If we are going to save ourselves, it won’t be by pretending to walk away from industrial civilization — a move that was basically impossible even in Thoreau’s time, and whose pretense now constitutes the most self-involved sort of destructive hypocrisy imaginable. Rather, it will be by remaking that civilization upon a foundation of renewable energy sources by people actively contributing to that remaking.
(Arguably, at least, Thoreau himself was aware that he never really left the world — I mean, he didn’t even go out into the wild places, but simply settled on some land that was walking distance from Concord. But the pretense pours out of every page, while the recognition otherwise is only ever barely noticed.)

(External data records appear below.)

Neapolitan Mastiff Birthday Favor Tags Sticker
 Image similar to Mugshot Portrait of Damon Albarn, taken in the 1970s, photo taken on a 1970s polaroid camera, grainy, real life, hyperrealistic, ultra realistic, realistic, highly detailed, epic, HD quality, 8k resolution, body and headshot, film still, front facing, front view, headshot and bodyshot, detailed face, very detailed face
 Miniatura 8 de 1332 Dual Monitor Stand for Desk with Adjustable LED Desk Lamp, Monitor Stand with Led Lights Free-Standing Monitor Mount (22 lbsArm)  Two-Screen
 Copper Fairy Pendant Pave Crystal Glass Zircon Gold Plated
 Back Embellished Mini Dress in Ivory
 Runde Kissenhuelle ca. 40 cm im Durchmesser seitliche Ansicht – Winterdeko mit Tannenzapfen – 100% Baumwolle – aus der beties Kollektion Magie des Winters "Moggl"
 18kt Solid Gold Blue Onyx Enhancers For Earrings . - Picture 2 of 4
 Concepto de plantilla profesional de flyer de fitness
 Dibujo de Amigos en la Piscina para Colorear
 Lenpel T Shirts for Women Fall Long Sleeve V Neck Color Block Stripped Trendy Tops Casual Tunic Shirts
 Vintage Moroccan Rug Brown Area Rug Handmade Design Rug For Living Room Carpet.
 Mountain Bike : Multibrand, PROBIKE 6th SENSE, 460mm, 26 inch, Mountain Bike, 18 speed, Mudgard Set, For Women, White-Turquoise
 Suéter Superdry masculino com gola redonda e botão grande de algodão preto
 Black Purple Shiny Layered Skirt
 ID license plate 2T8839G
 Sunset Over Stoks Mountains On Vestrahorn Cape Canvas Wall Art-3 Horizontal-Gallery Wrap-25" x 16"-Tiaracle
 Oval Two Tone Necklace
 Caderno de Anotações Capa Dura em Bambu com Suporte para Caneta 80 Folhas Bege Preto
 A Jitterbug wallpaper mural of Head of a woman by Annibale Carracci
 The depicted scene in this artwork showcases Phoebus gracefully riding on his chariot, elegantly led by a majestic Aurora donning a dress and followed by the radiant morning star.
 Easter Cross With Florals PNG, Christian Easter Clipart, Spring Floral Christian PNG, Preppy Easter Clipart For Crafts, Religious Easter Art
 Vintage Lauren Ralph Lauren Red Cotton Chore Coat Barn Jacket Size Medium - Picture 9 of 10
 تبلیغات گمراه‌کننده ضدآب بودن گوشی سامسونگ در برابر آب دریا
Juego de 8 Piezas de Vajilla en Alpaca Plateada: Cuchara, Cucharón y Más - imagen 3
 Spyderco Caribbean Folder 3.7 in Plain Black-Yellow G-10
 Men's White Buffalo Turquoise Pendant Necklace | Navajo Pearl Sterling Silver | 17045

That’s a pretty big misreading of the book.
“I lived there two years and two months. At present I am a sojourner in civilized life again.”
July 17 at 10:23pm
You might consider re-reading the final paragraph above. That single sentence scarcely compensates for the entire book’s length of pretending that that sojourn was ever interrupted in the first place.
July 17 at 10:29pm
The sentence I quoted occurs in the first paragraph of the book. He didn’t pretend for long.
Thoreau’s critics have always been far more reductionist than he was. The temptation of try to turn his example into axioms and corrolaries eventually becomes a “brain spider” and produces fairly astonishing criticism.
July 18 at 1:47pm
Thoreau’s incredibly detailed notes on the local flora and the timing of spring flowering have been used to document climate change. http://planetforward.org/idea/thoreau’s-woods-reveal-patterns-of-climate-chang e/change. His words always inspire. I stand here at his cabin site near Walden Pond where I brought my daughters one beautiful day last summer.
Ok Phil, are you here???? Girls???
July 17 at 7:46pm
Exactly, Thoreau was primarily a naturalist. He noted the time of first arrivals, flowerings, the depth of ponds, how many x and y survived the winter, the number of eggs which hatched, what grew where. Etc. He was inventing a science.
July 18 at 10:00am
Excellent birthday tribute to great Environmentalist Henry David Thoreau. It is quite inspiring. Thanks for publishing this fine piece.
Dr.A.Jagadeesh Nellore(AP), India.
Wind energy Expert.
If you avoided reading Walden when you were in school because you thought it was going to be dull, read it now that you’re an adult. It’s just amazingly different than you imagined.